*Task objective*
From the line containing "Yeprad Non-Slip Geometric Doormat" down to the line containing "How to Override", copy out the entries below exactly, both lines included, and nothing else; pictures do not belong in the copy.

[The data]

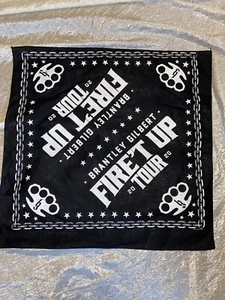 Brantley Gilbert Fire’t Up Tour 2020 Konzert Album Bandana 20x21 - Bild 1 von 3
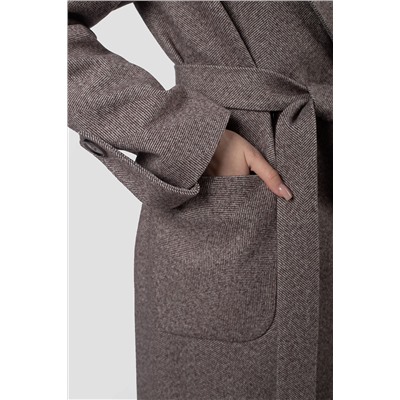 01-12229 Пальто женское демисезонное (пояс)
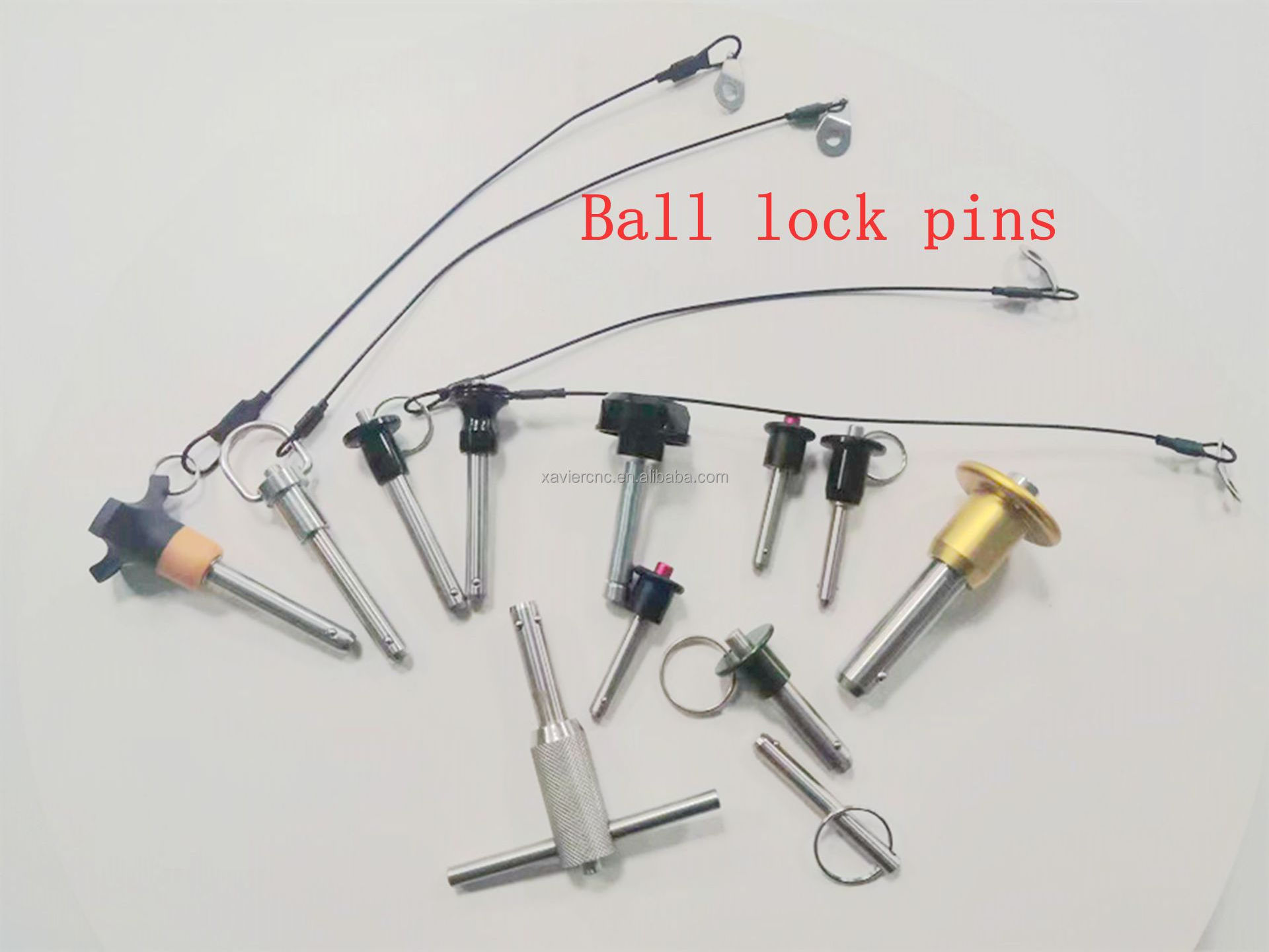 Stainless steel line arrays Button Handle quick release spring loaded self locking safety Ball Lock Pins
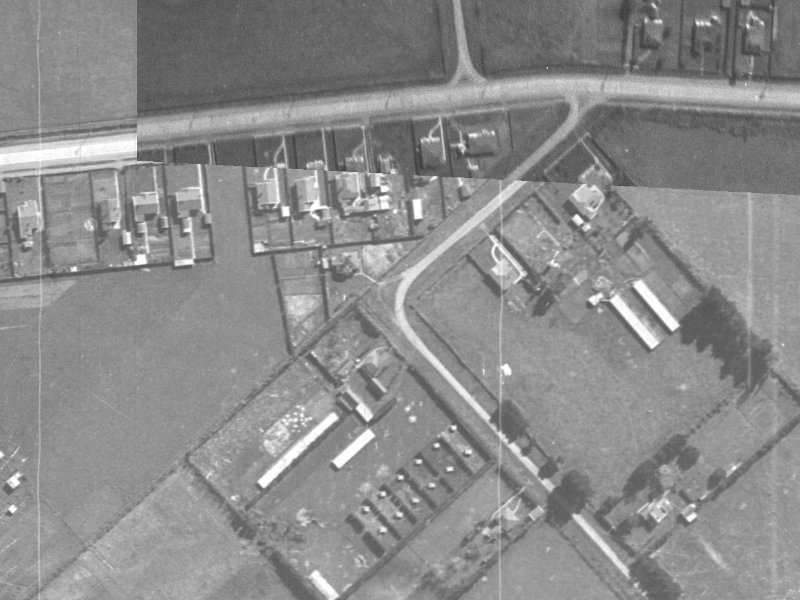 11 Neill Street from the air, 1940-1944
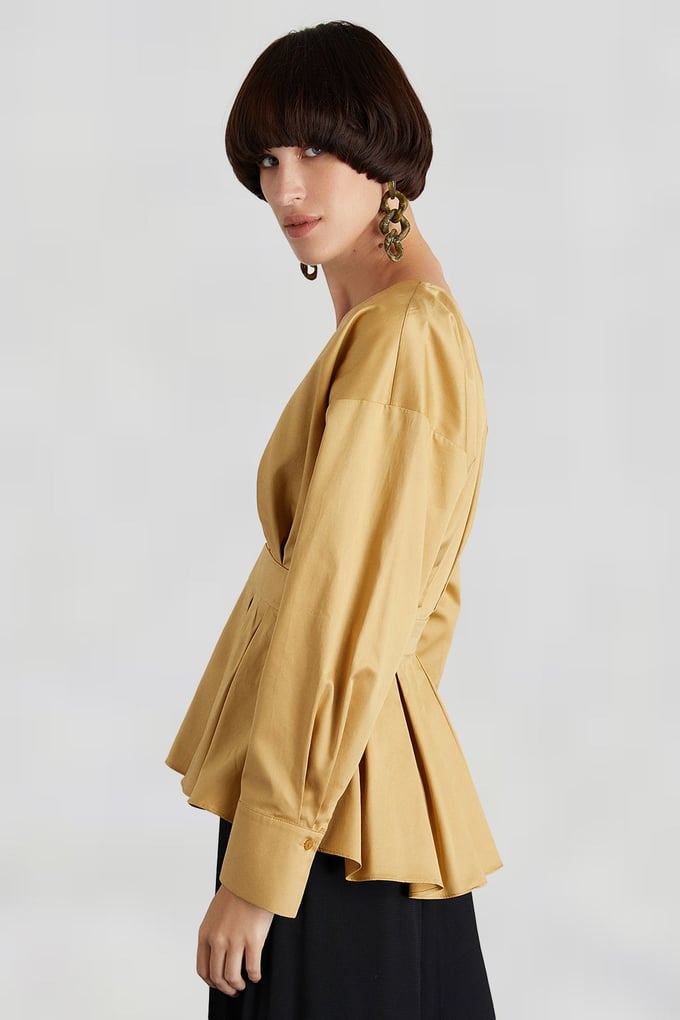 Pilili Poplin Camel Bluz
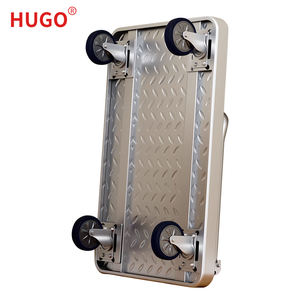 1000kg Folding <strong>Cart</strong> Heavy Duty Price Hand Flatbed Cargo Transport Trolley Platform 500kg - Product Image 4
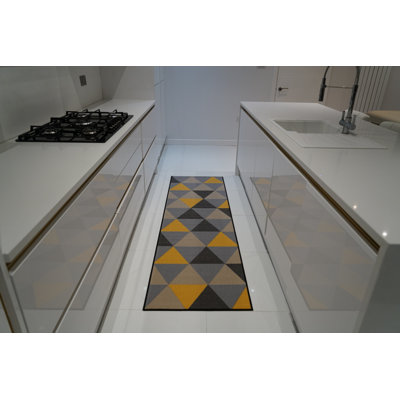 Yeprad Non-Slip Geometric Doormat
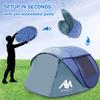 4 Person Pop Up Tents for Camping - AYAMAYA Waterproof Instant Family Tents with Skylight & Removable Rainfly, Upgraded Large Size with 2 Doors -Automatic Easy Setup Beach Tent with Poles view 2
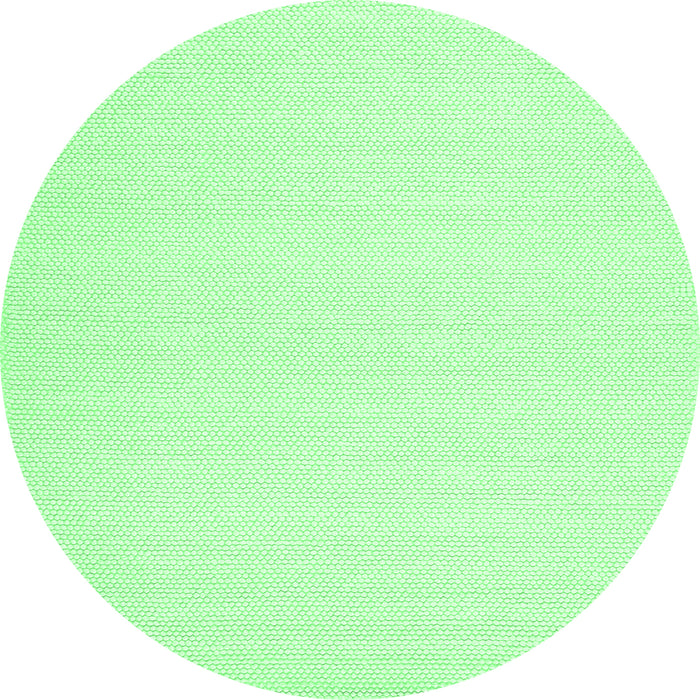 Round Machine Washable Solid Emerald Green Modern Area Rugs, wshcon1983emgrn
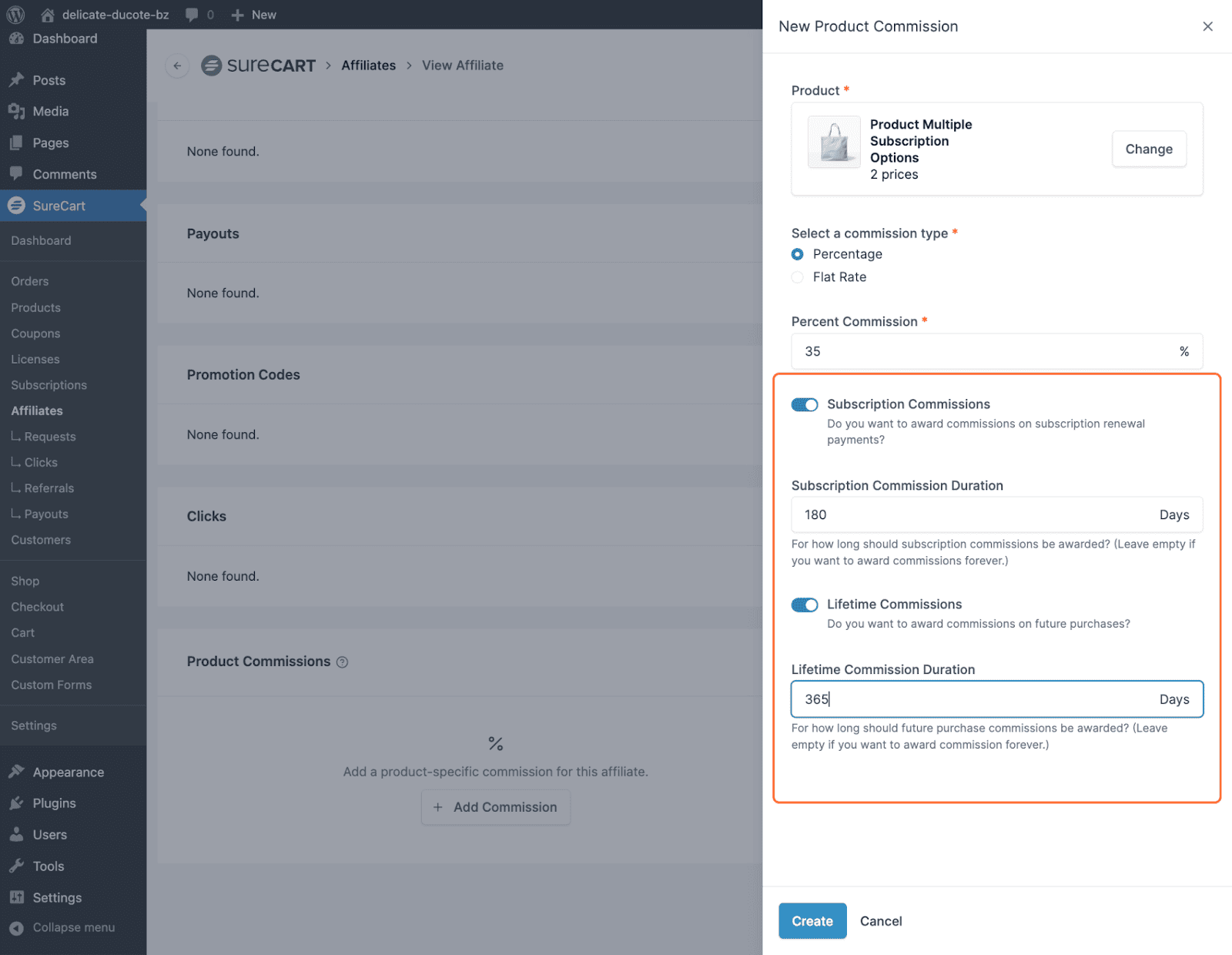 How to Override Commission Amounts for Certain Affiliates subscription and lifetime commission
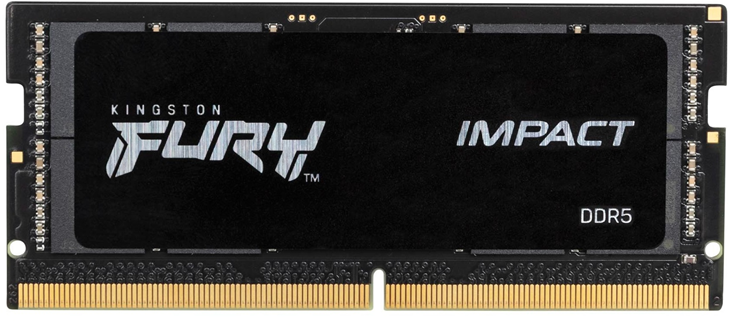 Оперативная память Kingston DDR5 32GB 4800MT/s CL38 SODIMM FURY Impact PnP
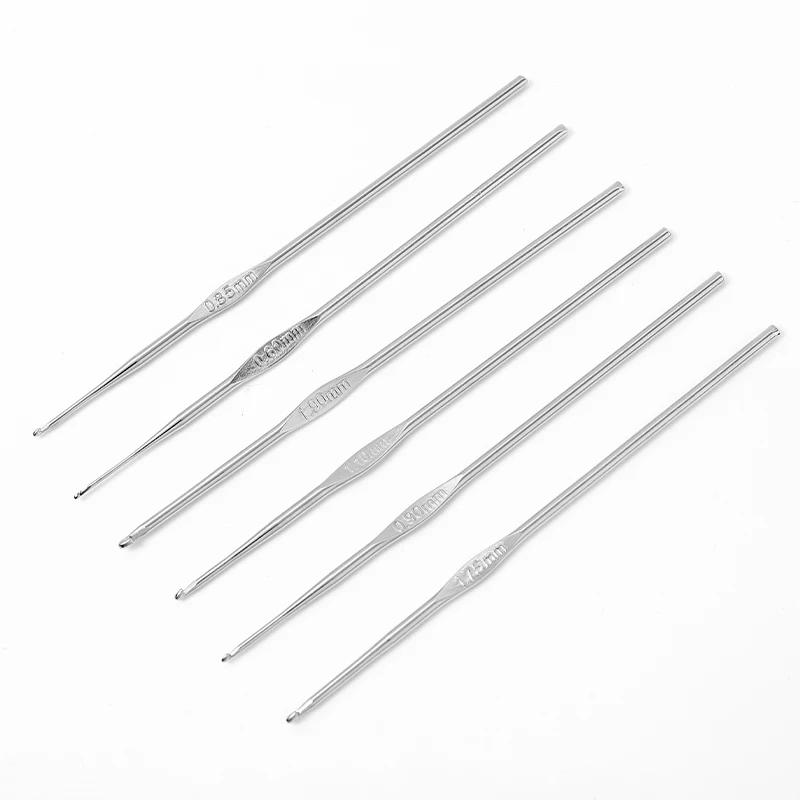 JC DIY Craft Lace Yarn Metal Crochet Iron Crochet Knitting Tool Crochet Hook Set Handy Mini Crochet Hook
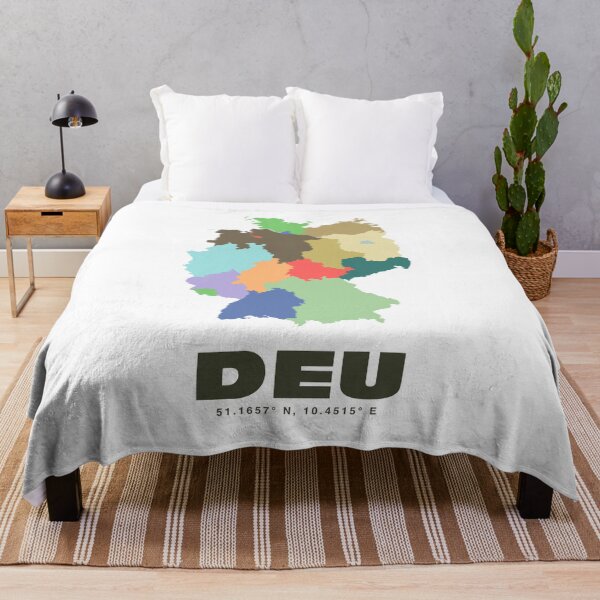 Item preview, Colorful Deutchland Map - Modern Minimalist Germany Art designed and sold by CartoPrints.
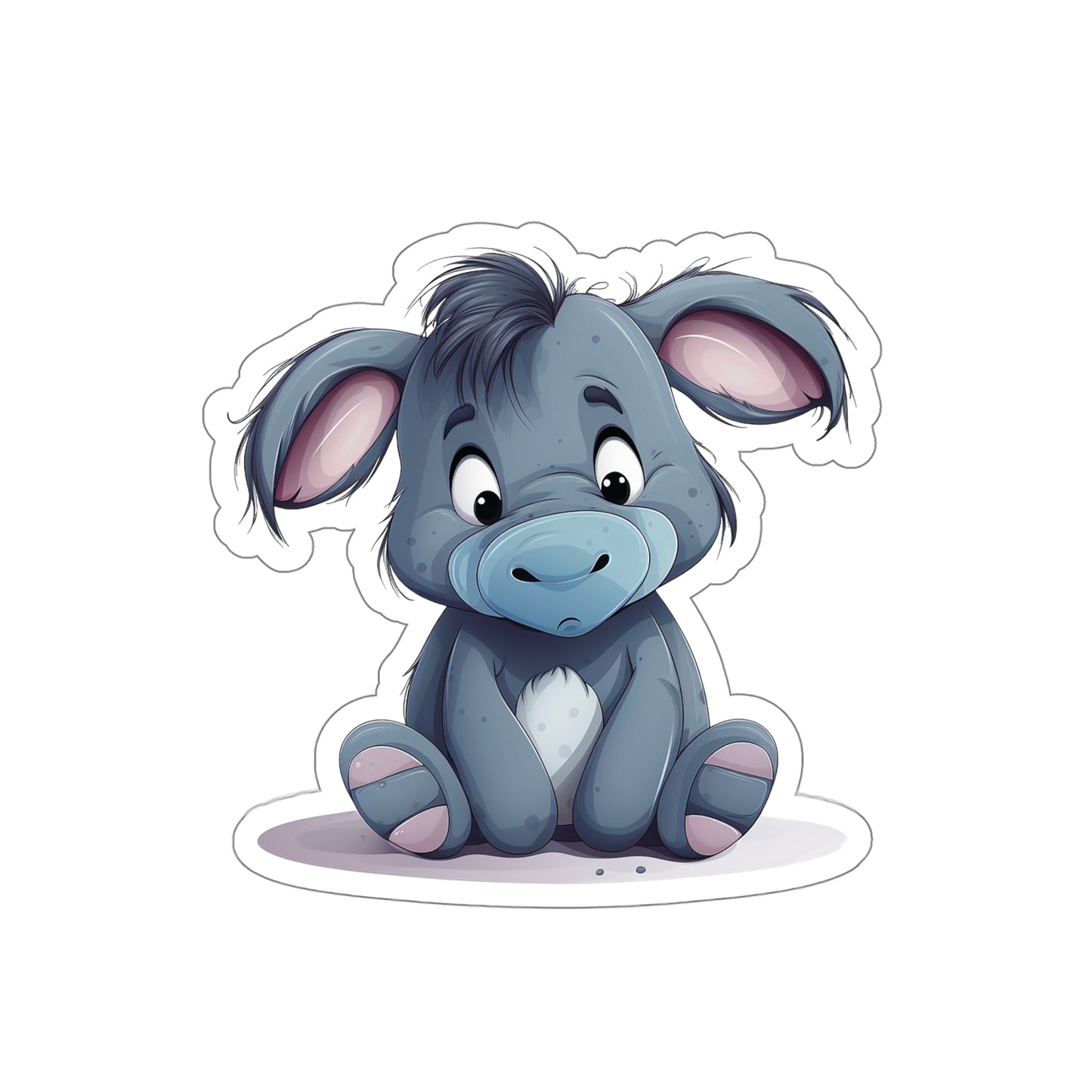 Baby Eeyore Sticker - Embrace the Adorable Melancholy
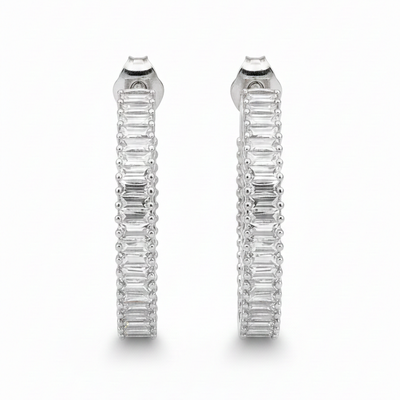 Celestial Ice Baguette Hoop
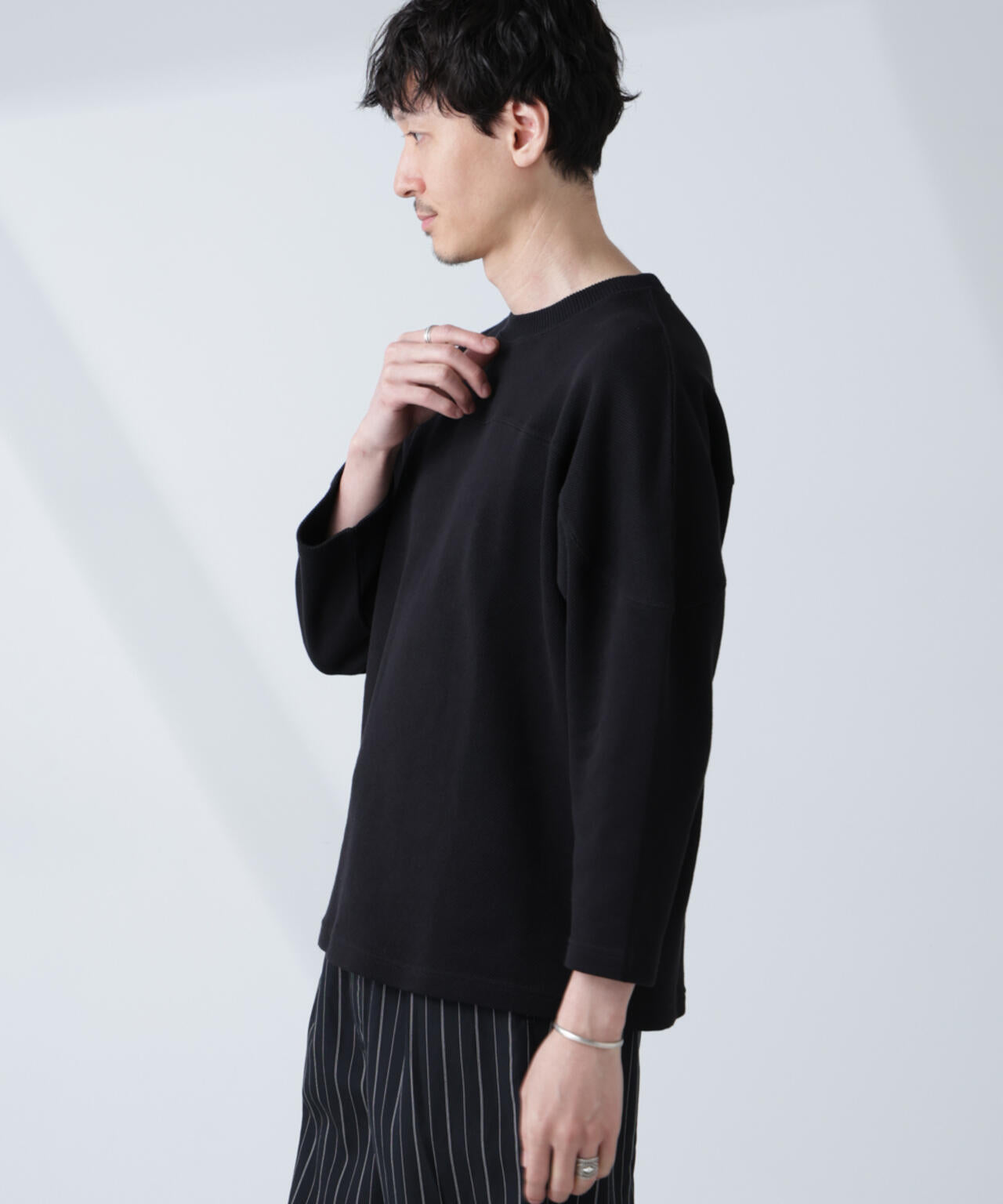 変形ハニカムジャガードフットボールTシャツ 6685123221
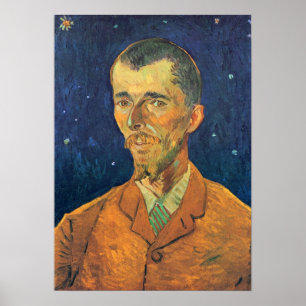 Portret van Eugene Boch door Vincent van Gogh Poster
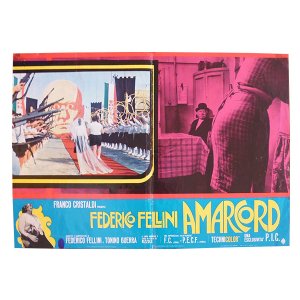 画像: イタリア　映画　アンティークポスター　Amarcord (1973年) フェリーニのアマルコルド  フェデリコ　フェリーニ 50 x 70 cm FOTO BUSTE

[/The data]

*Answer for this exercise*
 Yeprad Non-Slip Geometric Doormat
 4 Person Pop Up Tents for Camping - AYAMAYA Waterproof Instant Family Tents with Skylight & Removable Rainfly, Upgraded Large Size with 2 Doors -Automatic Easy Setup Beach Tent with Poles view 2
 Round Machine Washable Solid Emerald Green Modern Area Rugs, wshcon1983emgrn
 How to Override Commission Amounts for Certain Affiliates subscription and lifetime commission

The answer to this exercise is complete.